A new report from the GAO (Government Accountability Office) has found that some patients still face challenges such as hefty fees or reluctant providers when attempting to obtain access to their own EHRs. Patient concerns include the following.
- Some patients incurred fees they thought were excessive to access their medical records. For instance, patients with chronic conditions are likely to have lengthy medical records and therefore copying charges could also be huge.
- Some patients said they were unaware they had the right to challenge providers who denied them access to their own medical information.
- Patients do not always know they can submit a formal complaint to HHS’ OCR (Office for Civil Rights) when denied access and could benefit from specific educational efforts that increase awareness regarding these issues.
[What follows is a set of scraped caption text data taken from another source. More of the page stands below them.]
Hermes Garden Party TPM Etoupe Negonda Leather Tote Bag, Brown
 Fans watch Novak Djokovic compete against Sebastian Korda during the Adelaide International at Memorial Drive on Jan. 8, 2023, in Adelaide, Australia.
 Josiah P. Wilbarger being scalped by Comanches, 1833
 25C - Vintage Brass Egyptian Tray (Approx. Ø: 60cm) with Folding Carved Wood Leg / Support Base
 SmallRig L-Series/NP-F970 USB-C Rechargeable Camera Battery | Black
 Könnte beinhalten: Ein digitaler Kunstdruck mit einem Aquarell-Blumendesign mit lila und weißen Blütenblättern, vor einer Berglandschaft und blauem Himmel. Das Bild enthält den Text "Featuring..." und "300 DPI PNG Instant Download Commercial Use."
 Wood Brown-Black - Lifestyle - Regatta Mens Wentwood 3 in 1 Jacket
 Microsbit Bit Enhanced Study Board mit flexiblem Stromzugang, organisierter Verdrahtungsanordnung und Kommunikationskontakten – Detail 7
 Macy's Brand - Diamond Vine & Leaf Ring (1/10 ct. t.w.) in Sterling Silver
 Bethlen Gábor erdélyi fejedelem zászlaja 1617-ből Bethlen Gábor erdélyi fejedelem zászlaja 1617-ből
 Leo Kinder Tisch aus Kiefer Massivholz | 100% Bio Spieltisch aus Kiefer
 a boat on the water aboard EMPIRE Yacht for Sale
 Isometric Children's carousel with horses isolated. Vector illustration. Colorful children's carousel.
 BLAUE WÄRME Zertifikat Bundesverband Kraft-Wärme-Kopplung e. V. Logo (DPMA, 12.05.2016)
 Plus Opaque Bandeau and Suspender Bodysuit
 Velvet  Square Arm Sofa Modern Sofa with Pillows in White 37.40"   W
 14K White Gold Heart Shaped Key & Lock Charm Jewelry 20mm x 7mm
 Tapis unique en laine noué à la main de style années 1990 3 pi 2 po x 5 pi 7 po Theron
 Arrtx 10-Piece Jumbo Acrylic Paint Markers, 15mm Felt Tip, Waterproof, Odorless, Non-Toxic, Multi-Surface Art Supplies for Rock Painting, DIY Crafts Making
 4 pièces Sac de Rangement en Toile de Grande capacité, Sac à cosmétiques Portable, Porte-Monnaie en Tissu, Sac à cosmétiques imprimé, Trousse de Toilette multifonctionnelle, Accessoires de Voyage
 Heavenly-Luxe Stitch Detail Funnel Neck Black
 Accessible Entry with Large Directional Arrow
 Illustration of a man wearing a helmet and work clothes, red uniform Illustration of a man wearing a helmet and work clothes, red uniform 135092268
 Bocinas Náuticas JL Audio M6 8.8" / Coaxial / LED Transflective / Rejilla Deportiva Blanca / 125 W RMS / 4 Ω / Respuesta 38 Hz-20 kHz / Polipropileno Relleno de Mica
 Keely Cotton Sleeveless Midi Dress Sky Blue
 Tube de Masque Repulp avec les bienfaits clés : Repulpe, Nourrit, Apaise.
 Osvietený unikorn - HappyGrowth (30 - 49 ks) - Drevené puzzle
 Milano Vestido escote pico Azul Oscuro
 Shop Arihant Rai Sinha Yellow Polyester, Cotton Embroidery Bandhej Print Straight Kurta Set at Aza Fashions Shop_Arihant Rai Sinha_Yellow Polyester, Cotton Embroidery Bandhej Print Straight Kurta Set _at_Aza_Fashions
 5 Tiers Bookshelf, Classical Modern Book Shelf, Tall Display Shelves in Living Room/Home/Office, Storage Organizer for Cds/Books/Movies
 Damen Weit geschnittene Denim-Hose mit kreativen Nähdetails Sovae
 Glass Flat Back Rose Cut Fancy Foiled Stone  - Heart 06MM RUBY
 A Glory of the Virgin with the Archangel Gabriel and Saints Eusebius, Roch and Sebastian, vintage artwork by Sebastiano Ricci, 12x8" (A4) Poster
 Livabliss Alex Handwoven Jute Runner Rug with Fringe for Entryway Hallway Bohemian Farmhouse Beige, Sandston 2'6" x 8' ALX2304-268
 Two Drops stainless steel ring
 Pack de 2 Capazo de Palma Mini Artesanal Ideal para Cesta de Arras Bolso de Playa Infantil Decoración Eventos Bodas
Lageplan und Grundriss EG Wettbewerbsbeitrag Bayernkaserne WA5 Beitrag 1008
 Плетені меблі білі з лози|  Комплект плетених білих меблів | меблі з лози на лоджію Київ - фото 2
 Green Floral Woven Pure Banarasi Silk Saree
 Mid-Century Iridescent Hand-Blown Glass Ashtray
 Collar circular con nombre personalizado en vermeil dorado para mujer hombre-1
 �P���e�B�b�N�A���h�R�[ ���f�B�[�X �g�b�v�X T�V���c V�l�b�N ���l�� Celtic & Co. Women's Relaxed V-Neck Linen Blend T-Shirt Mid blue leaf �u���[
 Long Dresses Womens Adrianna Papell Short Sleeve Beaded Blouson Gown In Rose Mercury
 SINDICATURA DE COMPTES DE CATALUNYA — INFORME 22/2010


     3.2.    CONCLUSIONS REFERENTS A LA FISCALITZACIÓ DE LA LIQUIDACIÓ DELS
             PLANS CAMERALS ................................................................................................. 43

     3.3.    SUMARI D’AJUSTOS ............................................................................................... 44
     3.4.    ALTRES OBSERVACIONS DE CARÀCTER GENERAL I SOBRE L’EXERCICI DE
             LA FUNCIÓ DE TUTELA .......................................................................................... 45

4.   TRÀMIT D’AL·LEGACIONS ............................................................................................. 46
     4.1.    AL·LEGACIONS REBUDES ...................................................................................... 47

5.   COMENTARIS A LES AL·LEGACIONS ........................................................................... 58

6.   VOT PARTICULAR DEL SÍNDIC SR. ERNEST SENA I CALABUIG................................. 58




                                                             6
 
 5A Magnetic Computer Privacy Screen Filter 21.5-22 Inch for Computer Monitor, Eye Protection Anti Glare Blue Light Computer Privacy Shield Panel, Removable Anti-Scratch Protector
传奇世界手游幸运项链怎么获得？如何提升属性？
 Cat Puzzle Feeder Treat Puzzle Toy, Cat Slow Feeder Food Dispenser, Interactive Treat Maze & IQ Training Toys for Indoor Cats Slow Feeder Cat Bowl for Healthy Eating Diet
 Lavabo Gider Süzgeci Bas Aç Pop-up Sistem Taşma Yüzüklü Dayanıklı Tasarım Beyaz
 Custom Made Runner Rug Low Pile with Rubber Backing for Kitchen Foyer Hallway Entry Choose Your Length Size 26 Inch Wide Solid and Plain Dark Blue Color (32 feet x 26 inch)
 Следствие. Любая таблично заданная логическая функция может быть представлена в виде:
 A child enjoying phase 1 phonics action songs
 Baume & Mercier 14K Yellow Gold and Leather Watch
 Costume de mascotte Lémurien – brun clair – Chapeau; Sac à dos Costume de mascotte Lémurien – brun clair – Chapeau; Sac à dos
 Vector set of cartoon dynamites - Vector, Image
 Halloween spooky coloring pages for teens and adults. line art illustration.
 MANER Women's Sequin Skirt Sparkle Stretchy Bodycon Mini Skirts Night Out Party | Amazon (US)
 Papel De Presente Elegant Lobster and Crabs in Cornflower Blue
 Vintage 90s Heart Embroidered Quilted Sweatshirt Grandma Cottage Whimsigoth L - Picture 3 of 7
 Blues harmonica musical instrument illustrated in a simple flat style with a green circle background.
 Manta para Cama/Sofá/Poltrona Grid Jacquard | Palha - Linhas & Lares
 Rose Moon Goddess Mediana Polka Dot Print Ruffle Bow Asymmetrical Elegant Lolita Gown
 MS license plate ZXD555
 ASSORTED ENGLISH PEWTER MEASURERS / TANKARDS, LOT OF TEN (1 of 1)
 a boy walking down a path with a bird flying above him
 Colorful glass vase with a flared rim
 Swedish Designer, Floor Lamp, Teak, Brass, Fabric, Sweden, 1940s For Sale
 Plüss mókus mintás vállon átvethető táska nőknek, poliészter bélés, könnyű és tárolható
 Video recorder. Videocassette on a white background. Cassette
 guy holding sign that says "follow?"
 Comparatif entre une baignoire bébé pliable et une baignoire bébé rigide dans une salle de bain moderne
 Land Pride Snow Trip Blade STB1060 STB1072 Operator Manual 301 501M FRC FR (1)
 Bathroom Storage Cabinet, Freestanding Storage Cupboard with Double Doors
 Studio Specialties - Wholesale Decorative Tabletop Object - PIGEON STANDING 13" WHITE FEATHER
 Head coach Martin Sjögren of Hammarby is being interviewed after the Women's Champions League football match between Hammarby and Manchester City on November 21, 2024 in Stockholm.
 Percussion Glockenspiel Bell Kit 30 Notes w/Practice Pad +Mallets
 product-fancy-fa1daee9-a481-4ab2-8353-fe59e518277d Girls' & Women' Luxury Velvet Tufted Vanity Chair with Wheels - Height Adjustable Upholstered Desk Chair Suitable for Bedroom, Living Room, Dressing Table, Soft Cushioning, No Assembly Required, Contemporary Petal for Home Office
The GAO says that the fees charged for medical record access could vary based on the type of request and the state where the request is made. Medical providers are authorized to charge a “reasonable, cost-based fee” when patients make a request for their EHR. Patients have the authority to allow third parties access to their medical data. The fees for third-party access to the EHR are not however, subject to the reasonable cost-based standard; instead, they are governed by state law. Fees for third-party requests are typically higher than the fees charged to patients. This amount can vary considerably across the various states.
- Some states charge fees per page for patient and third party record requests. The amount charged may vary.
- States may specify a maximum allowable fee if the provider uses an EHR system. Some others may not differentiate costs for electronic or paper records.
- Some states like Kentucky allow patients one free copy of their EHR, followed by a charge of up to $1 per page for additional copies.
Patients are not the only entities at the receiving end. Healthcare providers have their own woes. The GAO found that:
- The costs of responding to patient request for records due to the allocation of staff time and other resources are challenging to providers.
- Patient advocates, healthcare organization staff, and ROI vendors may not have the expertise required for responding to medical record requests in an HIPAA-compliant way.
- Fulfilling requests for medical records has become more challenging and complex for providers. This is because of the existence of hybrid records and the medical information being stored in multiple EHR systems.
So, are providers and other stakeholders satisfied with the move to the EHR? EHR implementation has speeded up the implementation of patient portals. This is perceived as an advantage because it has in turn reduced the number of patient requests for their medical records – patients can now directly access some health information via these portals. Though the medical details released on the portals are not complete, patients said they benefited from the information available online.
The OCR makes available educational materials to patients as well as healthcare providers regarding patient rights to their own medical records. Other activities of the OCR include:
- Investigating complaints about patient access to medical records
- Auditing a sample of providers to determine HIPAA compliance
- Reporting to Congress about the state of HIPAA compliance among providers
The government’s MyHealthEData initiative also focuses on improved EHR patient data access. This is designed to provide patients more control over their own EHR data by removing existing barriers to health data access and use. The CMS is also doing their part by requiring providers to update their systems with health data exchange capabilities. They have mandated that providers must enable the patient’s health data to accompany them even after they are discharged from the hospital.
Patient data needs to be made accessible to authorized entities because this is important from the point of view of proper care provision as well as from that of claims settlement and medical litigation. Unhindered availability of the medical documentation would facilitate medical peer review, and processes such as medical record analysis that is very important in personal injury litigation. Most importantly, improved EHR patient data access would ensure improved patient engagement and also enable shared decision-making between providers and patients.